I understand it’s really so many uncontrollable factors, and life is just sometimes this way.
I understand because I learnt. I’ll be better, and stronger. You too, you’ll be so much more amazing once you get everything sorted. You already are a big treasure, don’t doubt that.
So this is what love really is. It’s beautiful. It doesn’t hurt at all. It’s keeping me going.
What hurt was the rejection, disappointment, sadness. But not love, love saved me. I’m feeling it fully now. How is it you can make my heart fully whole again even while you take away a piece of me? I have so much to give, and I’m so glad I gave you something.
I’m sad I can’t be with you throughout, because I wanted to support you, be by your side through everything. But i understand why that is not possible now.

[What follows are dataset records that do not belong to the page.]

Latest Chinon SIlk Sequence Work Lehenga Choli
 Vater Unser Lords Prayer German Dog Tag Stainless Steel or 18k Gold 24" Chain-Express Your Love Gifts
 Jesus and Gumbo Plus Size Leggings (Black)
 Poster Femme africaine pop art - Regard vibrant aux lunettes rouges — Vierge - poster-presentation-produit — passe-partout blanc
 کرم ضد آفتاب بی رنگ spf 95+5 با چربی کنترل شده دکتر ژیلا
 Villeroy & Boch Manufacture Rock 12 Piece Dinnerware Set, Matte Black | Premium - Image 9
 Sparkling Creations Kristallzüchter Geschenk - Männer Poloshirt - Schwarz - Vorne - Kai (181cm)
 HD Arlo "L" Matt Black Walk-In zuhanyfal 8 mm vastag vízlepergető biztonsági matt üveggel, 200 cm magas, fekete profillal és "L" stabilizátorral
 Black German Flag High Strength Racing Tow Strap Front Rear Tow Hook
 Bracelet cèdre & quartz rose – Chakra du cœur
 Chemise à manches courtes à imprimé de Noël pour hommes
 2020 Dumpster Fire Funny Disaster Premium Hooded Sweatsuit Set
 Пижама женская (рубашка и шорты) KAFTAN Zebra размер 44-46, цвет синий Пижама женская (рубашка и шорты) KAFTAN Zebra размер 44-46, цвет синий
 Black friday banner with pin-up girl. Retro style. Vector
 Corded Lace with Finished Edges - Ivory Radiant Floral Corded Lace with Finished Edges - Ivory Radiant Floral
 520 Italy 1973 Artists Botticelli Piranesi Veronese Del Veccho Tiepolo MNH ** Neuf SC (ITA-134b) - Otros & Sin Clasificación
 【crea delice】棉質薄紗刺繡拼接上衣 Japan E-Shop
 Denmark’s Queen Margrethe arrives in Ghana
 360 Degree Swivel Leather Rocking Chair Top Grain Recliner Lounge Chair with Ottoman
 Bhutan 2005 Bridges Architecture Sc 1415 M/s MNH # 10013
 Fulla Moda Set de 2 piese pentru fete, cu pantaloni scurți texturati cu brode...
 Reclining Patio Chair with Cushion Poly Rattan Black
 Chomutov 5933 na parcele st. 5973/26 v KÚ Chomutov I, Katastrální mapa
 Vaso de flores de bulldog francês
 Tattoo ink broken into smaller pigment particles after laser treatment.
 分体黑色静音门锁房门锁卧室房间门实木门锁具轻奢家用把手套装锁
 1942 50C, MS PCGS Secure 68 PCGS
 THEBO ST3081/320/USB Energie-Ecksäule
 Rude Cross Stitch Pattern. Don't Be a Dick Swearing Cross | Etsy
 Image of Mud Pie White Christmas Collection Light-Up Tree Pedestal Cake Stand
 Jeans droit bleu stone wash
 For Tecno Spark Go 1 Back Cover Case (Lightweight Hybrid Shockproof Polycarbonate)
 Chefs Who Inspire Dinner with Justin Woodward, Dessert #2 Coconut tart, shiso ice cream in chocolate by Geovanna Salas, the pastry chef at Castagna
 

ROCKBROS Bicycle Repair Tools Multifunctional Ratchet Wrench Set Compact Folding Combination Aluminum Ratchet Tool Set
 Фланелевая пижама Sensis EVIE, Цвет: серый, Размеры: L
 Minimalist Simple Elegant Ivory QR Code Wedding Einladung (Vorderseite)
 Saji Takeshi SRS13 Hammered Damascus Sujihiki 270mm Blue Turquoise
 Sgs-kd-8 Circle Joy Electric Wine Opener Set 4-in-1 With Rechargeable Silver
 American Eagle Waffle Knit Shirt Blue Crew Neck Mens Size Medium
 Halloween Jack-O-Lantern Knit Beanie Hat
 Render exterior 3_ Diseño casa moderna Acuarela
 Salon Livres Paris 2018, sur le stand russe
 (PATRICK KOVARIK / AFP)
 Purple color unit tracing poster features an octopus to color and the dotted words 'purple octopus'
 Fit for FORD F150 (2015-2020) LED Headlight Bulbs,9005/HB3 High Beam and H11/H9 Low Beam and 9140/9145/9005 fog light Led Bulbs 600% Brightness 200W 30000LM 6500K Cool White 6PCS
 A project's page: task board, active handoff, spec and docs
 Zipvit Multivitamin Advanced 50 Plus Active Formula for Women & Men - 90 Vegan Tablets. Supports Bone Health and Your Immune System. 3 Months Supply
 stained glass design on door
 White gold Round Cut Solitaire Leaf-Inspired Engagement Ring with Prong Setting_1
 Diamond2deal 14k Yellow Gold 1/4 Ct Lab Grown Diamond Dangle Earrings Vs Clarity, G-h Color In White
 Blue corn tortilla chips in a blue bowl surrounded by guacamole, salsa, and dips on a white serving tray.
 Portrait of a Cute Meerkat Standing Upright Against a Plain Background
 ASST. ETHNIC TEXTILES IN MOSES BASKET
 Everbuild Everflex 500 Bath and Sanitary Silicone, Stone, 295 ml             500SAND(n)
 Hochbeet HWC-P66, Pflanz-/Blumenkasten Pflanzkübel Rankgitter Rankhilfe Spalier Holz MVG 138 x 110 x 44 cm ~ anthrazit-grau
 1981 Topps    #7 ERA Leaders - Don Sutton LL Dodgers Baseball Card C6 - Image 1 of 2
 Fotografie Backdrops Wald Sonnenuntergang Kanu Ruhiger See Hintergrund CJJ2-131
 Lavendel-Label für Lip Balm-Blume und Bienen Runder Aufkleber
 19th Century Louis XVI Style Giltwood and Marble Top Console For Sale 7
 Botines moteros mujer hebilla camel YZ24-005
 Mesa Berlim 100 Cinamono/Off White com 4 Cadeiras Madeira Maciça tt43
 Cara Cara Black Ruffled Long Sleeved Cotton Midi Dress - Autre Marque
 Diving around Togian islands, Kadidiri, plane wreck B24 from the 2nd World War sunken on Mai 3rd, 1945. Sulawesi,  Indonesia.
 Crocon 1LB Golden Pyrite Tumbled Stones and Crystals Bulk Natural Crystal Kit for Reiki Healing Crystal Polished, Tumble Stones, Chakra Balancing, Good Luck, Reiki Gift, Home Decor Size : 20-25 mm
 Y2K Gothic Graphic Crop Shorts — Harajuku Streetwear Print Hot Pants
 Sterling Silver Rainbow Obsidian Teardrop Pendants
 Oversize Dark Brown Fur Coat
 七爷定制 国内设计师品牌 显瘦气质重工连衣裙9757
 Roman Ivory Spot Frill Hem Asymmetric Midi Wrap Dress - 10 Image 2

I now thank you, for everything we’ve been through, even for that little short while, for the thoughts and love you gave me, I thank you. you tried your hardest and everything you did and thought/planned for me, even if I didn’t realize it before, I can see it all clearly now. You’re amazing.
I thank you, and I will love and support you no matter what you choose to do.
Keep fighting, love. Jia you.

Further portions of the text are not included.